August 6, 2003

Cosmic billiards

A probe can modify its trajectory, velocity and even its inclination relative to the ecliptic plane, without expending any extra energy. It does so by exploiting a principle of the laws of universal gravitation called gravitational assistance.
Gravity assist principle. Credits: NASA
Gravity assist principle. Credits: NASA

As the spacecraft passes in the vicinity of a planet, it comes within its gravitational influence and is pulled toward the planet. As a result, its trajectory curves and it picks up speed. The probe swings behind the planet and then slows down again as it moves away. Although the probe’s outbound velocity is the same as its velocity on arrival, the planet transfers a part of its Sun-relative velocity to the probe during the swingby.

Animation: how gravity assist works

The change in velocity and deviation of the spacecraft’s trajectory depend on the mass of the planet chosen for the flyby, and on the flyby altitude and relative velocity. If the probe swings by the planet in its direction of motion about the Sun, it picks up speed. If the flyby is in the opposite direction, the probe loses speed.
The trajectory is obviously calculated very precisely so that the spacecraft does not collide with the planet during a flyby.

This gravity assist technique is used by most interplanetary missions. For example, the Voyager probe would never have made it to Saturn, Uranus and Neptune without a gravity assist from Jupiter. And the Galileo probe used the gravity of Jupiter’s moon Io to decelerate and go into Jovian orbit.

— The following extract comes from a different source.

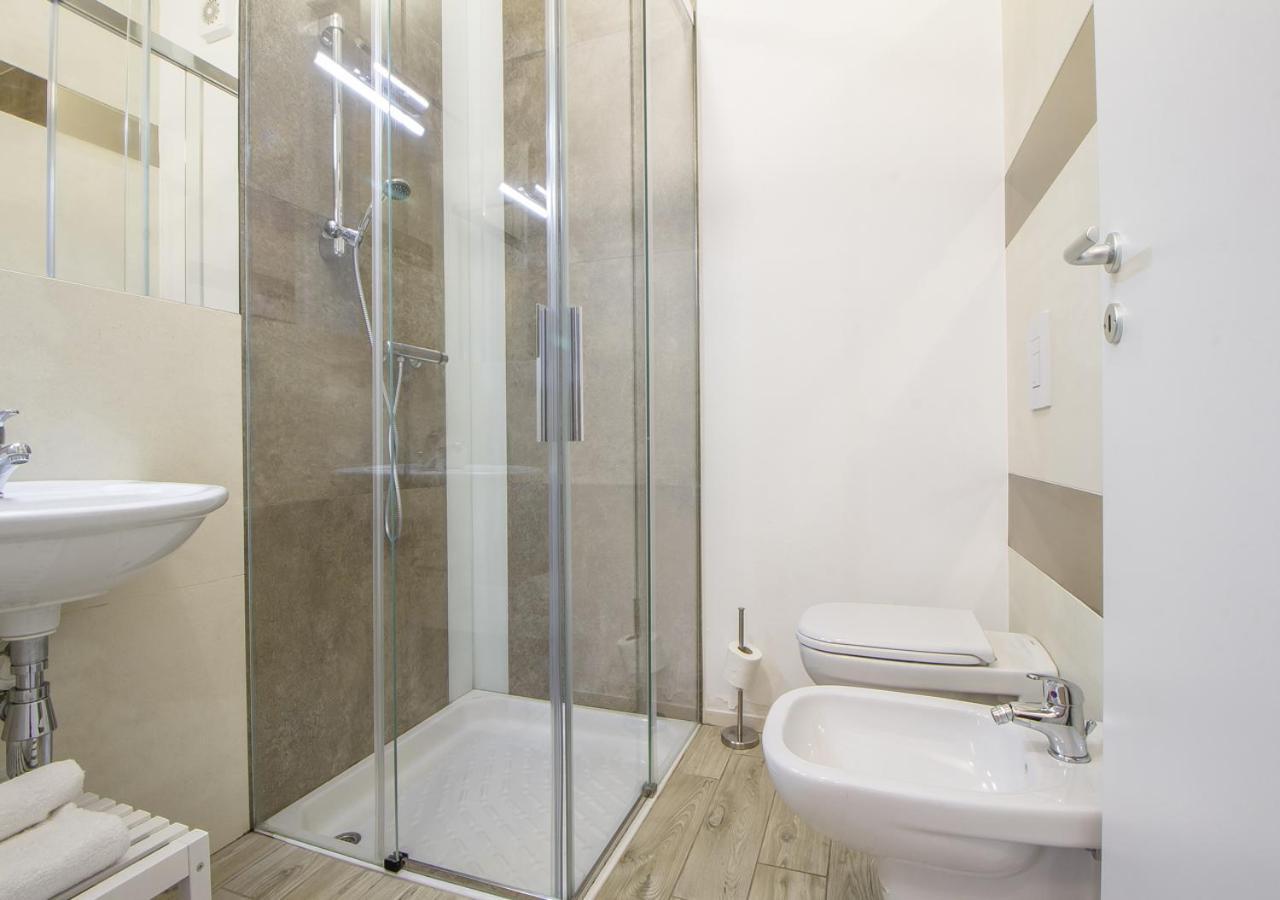 Appartamento Con 2 Camere E 2 Bagni In Centro Con Parcheggio Matera Exterior photo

The Cassini-Huygens probe, scheduled to go into orbit around Saturn in 2004, completed 2 flybys of Venus in 1998 and 1999, and a gravity assist from Earth in 1999. The velocity gained from these manoeuvres took it to the outer solar system. A final gravity assist from Jupiter in 2000 gave it the energy required to reach Saturn.

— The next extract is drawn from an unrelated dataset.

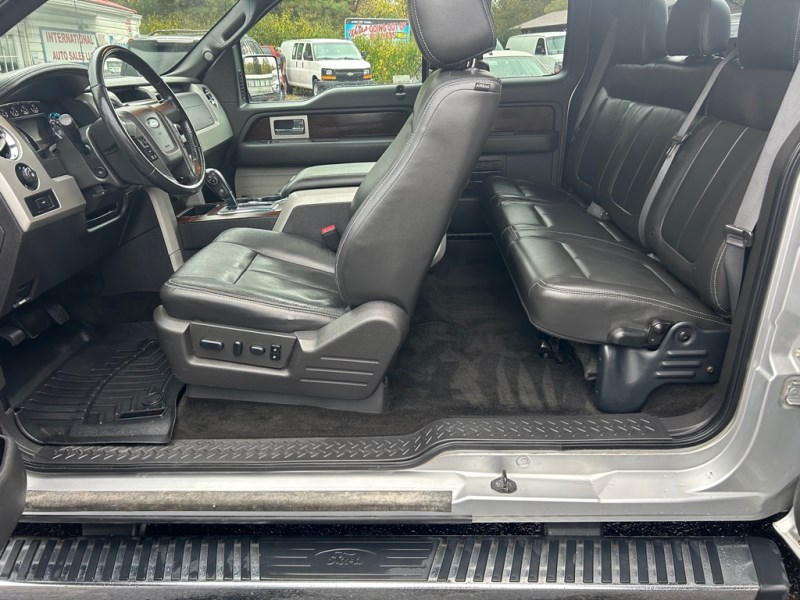 Additional photo of vehicle.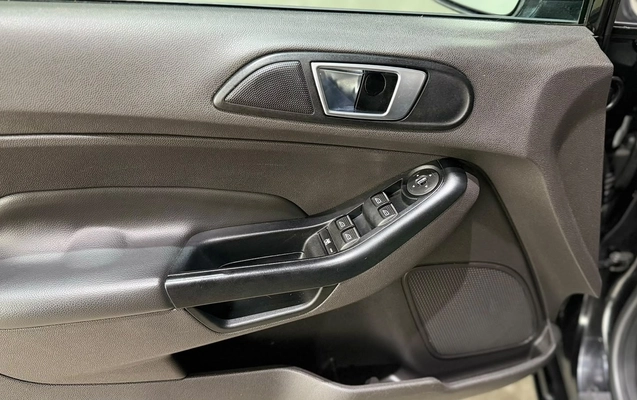 imagem-https://www.socarrao.com.br/sc-vehicle-images-prod/4424818/1792702779973-49b952ff-5d97-4b0f-9200-820c26dc782b.jpg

CASSINI-HUYGENS orbit (ESA website)

Did you know?
Transfer orbits for economy-class interplanetary travel
The most economical way to transfer from one circular orbit to another, in the same plane and direction of travel, is to describe a half-ellipse with one end at a tangent to the initial orbit and the other to the final orbit. This type of manoeuvre—called a Hohmann transfer—in theory only requires two bursts of thrust. Hohmann transfers are used to position geostationary satellites or to send spacecraft to Mars.